*** Opening of AVAILABLE DATA ***

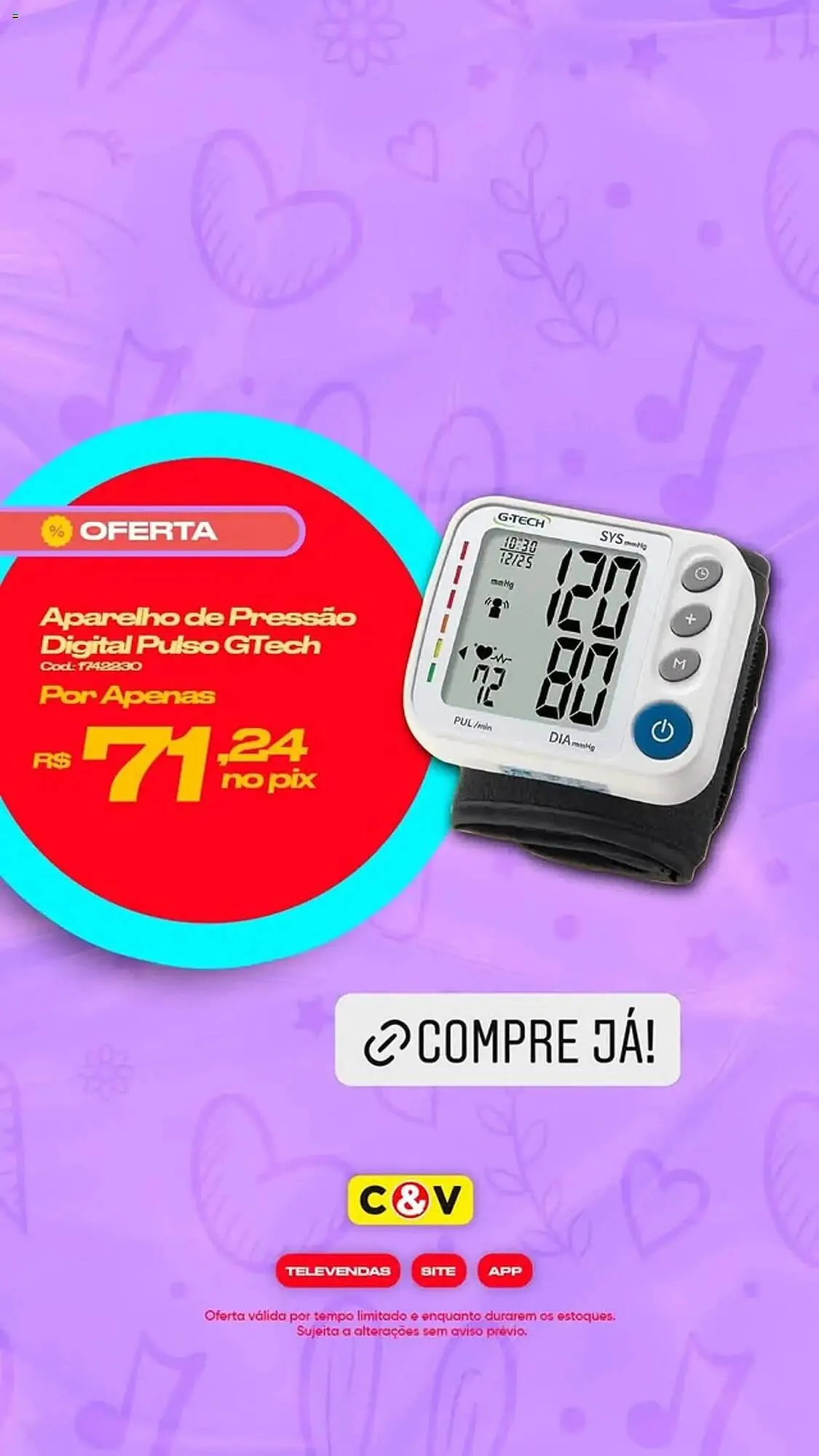 Encarte de Catálogo Casa e Vídeo 2 de abril até 3 de abril 2025 - Pagina 10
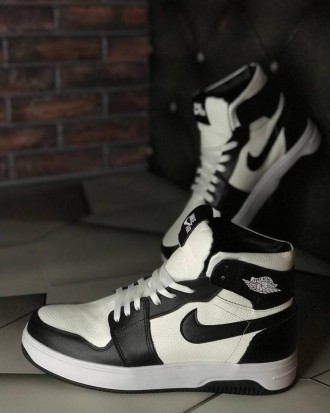 
 Чоловічі шкіряні черевики Nike
Матеріал: повністю натуральна шкіра
Розміри 40-. . фото 6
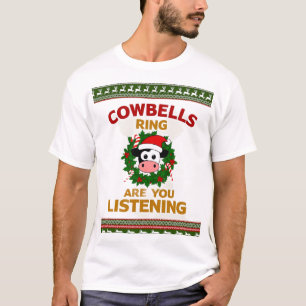 Kojungar Ringer lyssnar du Jul Roligt C T Shirt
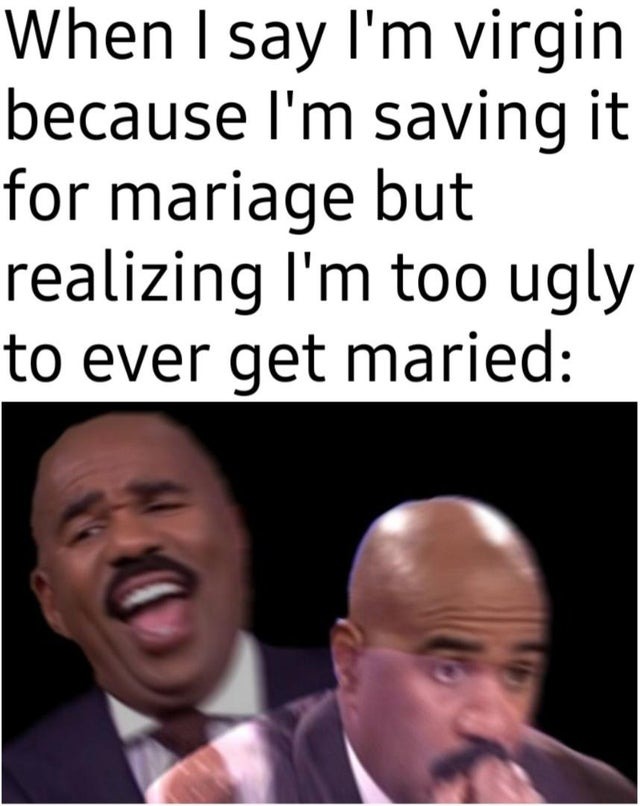 saving it for mariage - meme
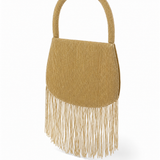 MIM Bolso UNICA SWAN BAG DORADO
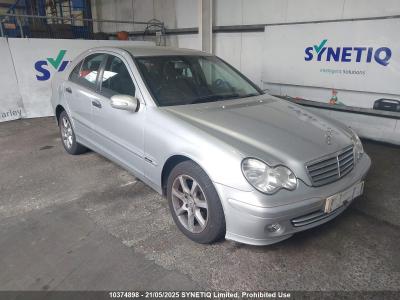 2005 MERCEDES C-CLASS C180 KOMPRESSOR CLASSIC SE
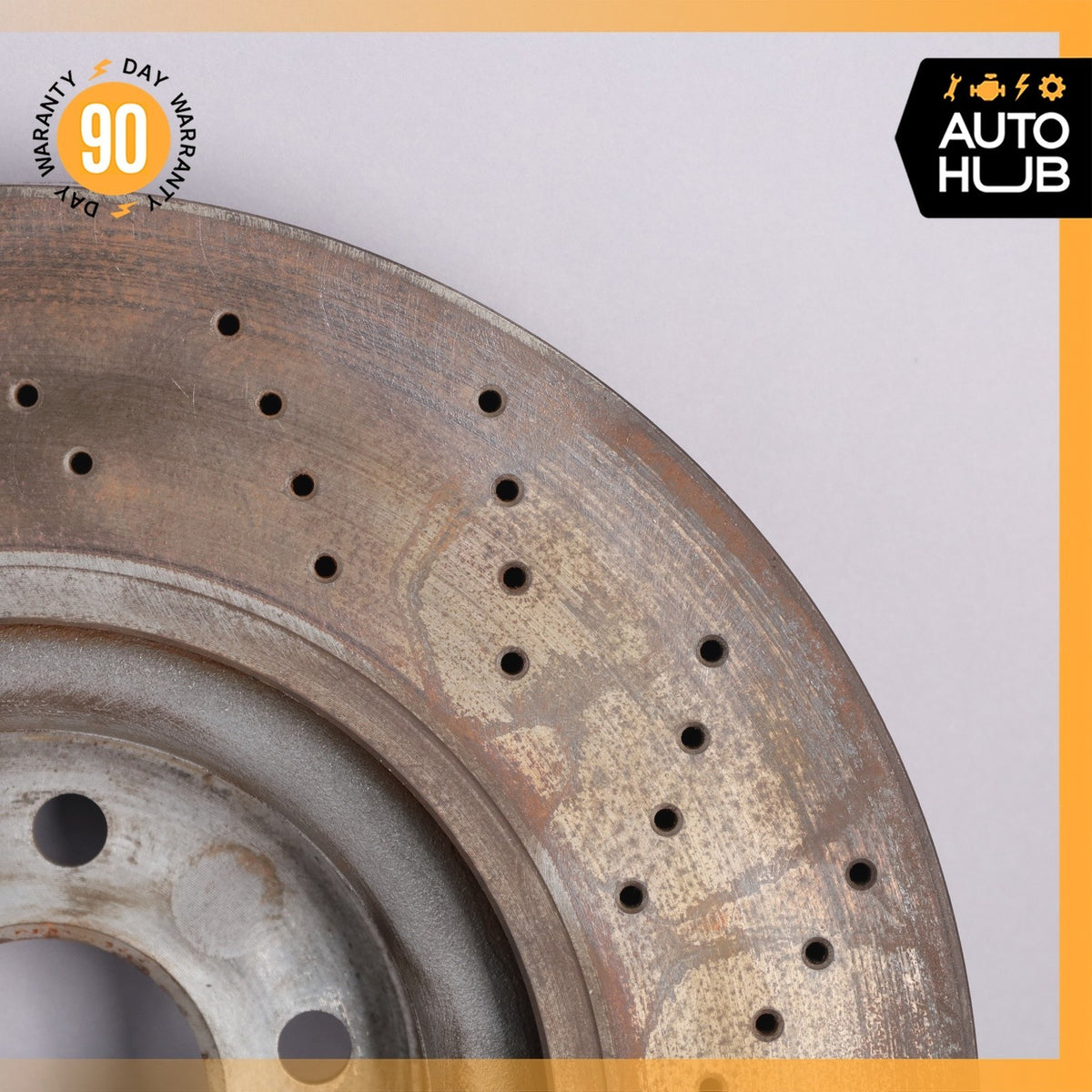 Mercedes R230 SL55 SL65 AMG SL600 CL550 Front Brake Rotors 2304210712 OEM 76k - photo 19
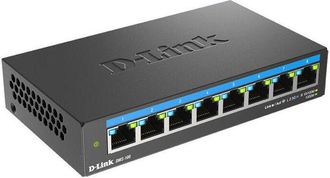 OEM Hub Switch Puertos 8 Puertos 2.5 Gbps D-link Dms-108/e Ethernet 2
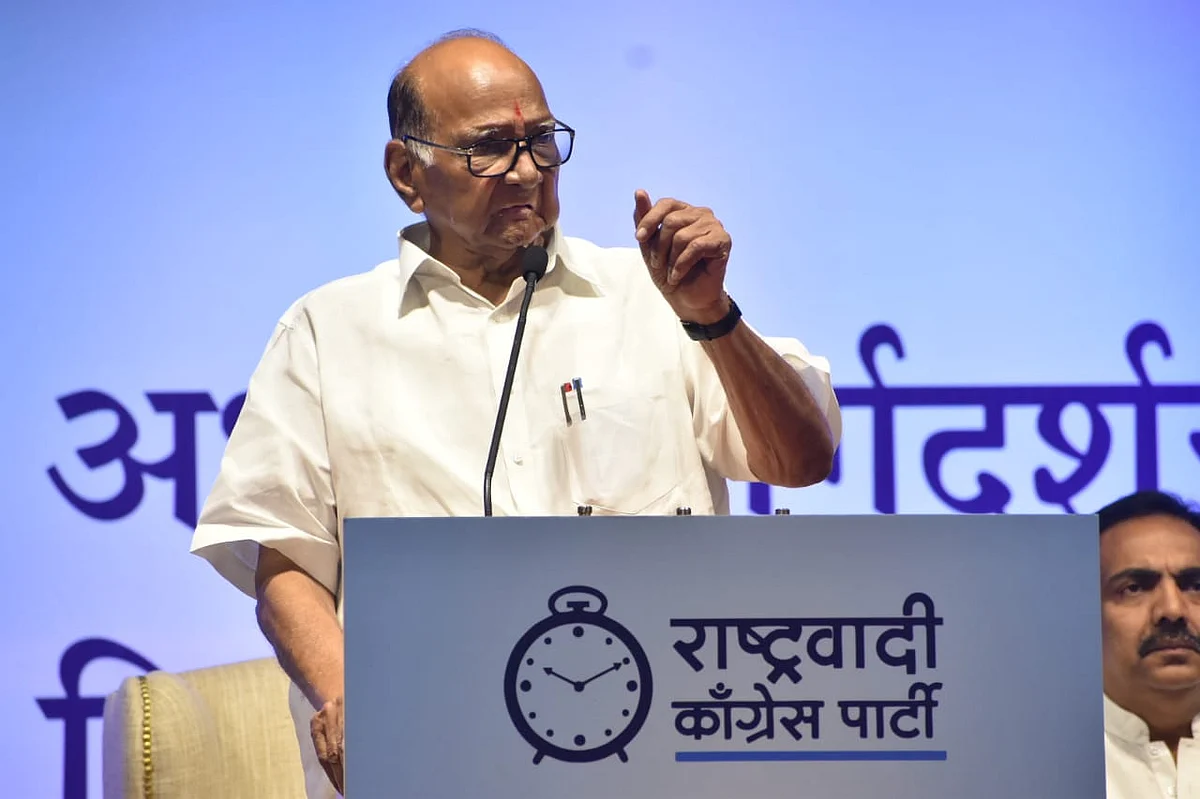 केंद्रीय यंत्रणांच्या नैराश्यातून अनिल देशमुख यांच्यावर कारवाई, आम्हाला चिंता नाही-शरद पवार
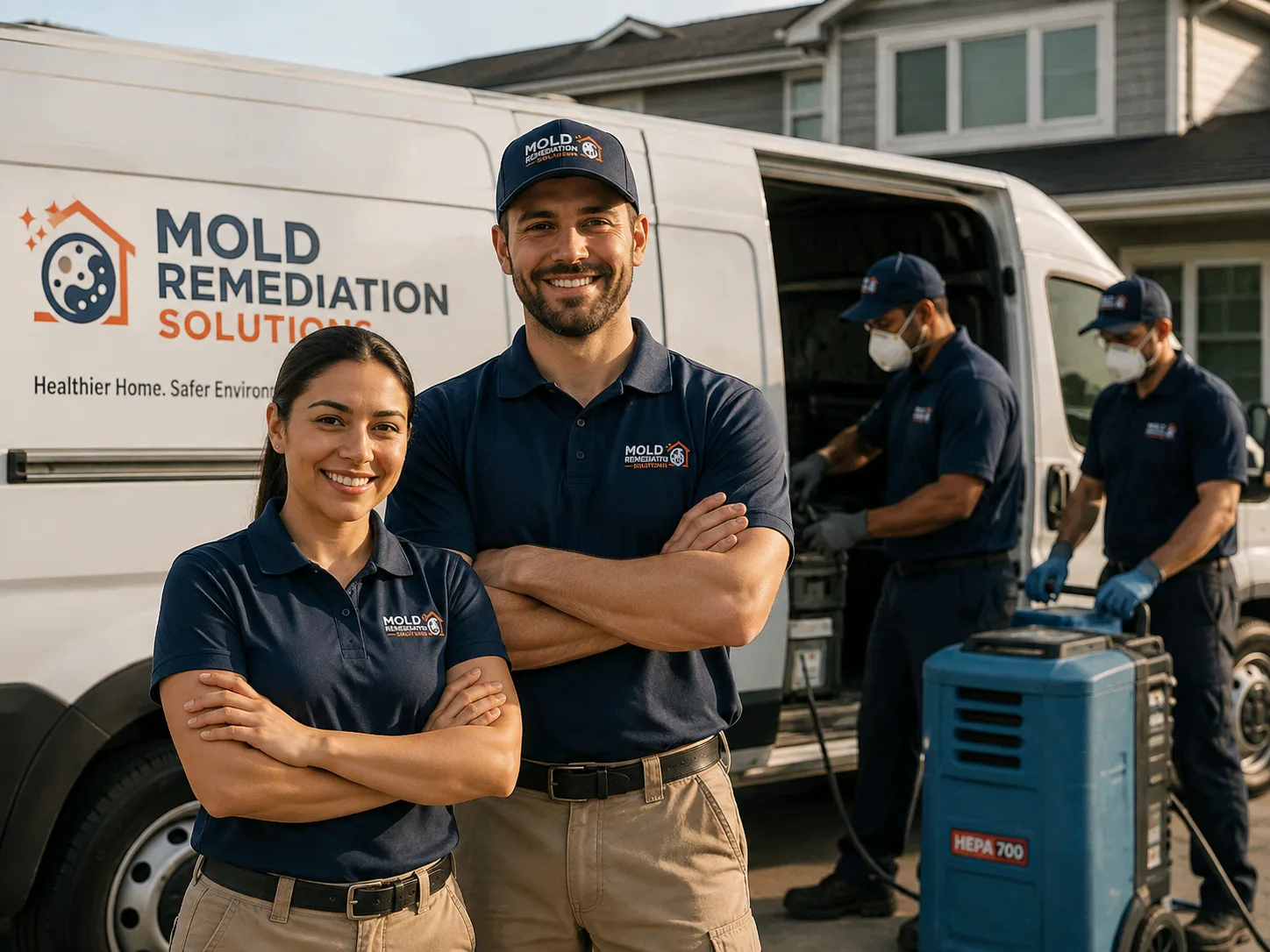Mold Remediation company in Corea, ME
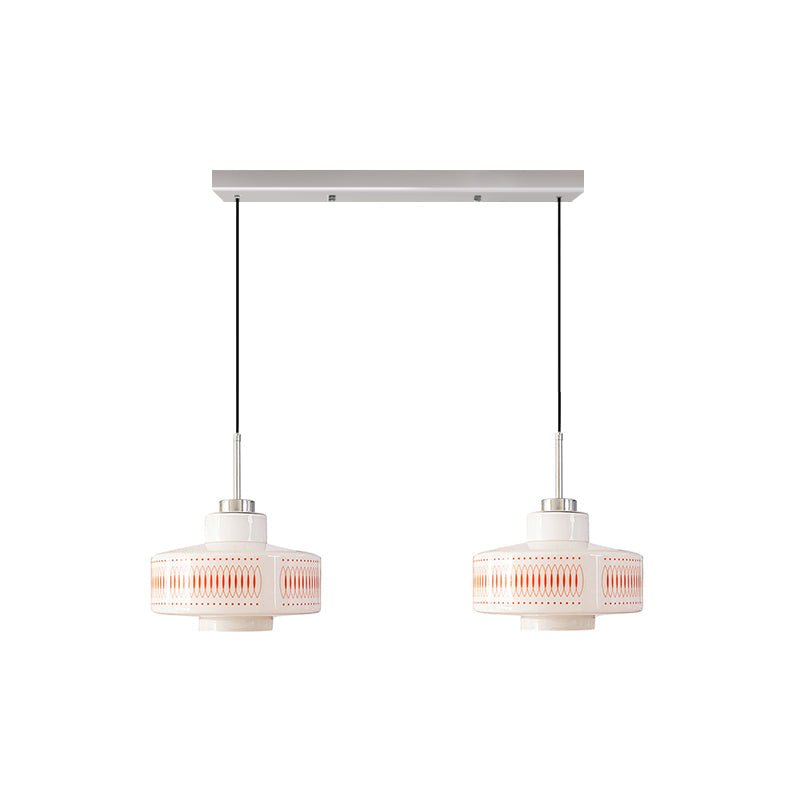 Rosecourt Glass Pendant Light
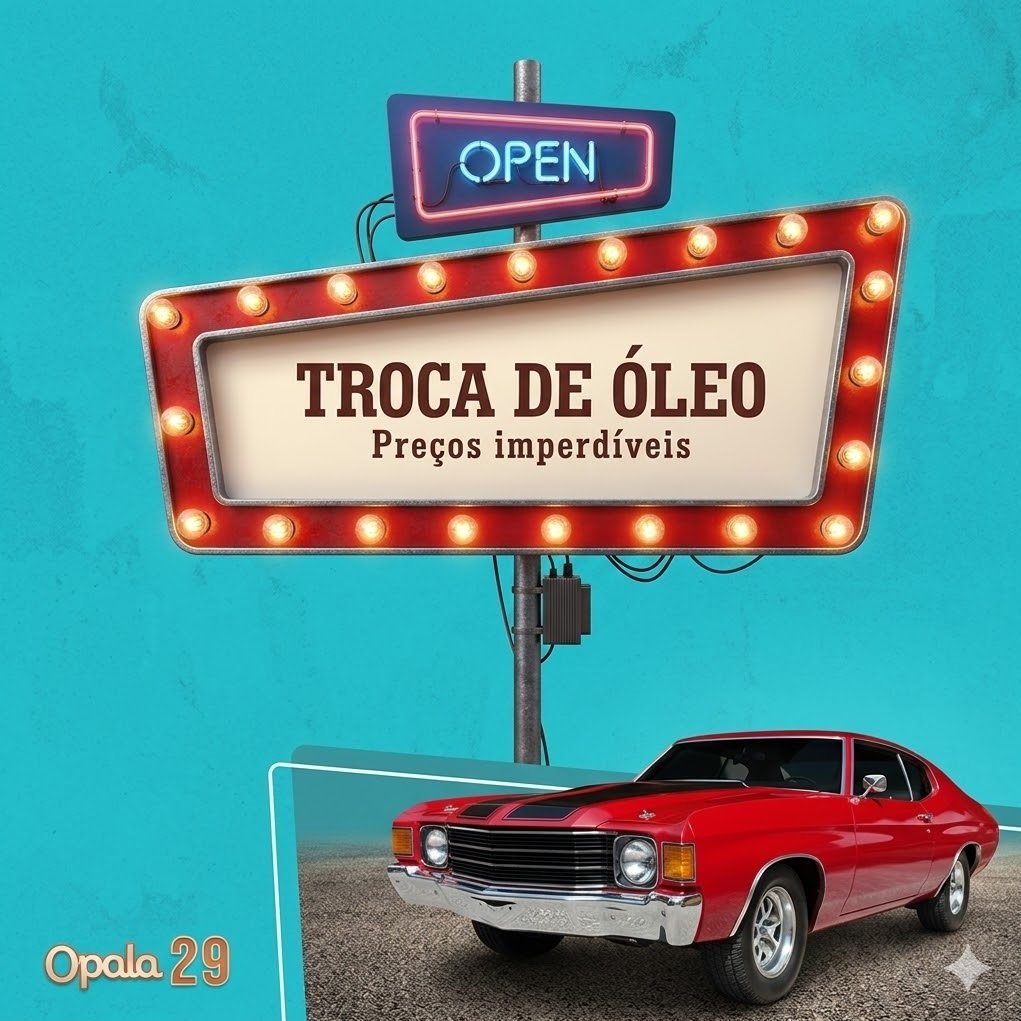 Troca de Óleo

*** Close of AVAILABLE DATA ***

_BRIEF_. Where an entry holds a picture, drop it and transcribe everything else exactly.

_YOUR SOLUTION_.
 Encarte de Catálogo Casa e Vídeo 2 de abril até 3 de abril 2025 - Pagina 10
 Чоловічі шкіряні черевики Nike
Матеріал: повністю натуральна шкіра
Розміри 40-. . фото 6
 Kojungar Ringer lyssnar du Jul Roligt C T Shirt
 saving it for mariage - meme
 MIM Bolso UNICA SWAN BAG DORADO
 2005 MERCEDES C-CLASS C180 KOMPRESSOR CLASSIC SE
 Mercedes R230 SL55 SL65 AMG SL600 CL550 Front Brake Rotors 2304210712 OEM 76k - photo 19
 OEM Hub Switch Puertos 8 Puertos 2.5 Gbps D-link Dms-108/e Ethernet 2
 केंद्रीय यंत्रणांच्या नैराश्यातून अनिल देशमुख यांच्यावर कारवाई, आम्हाला चिंता नाही-शरद पवार
Mold Remediation company in Corea, ME
 Rosecourt Glass Pendant Light
 Troca de Óleo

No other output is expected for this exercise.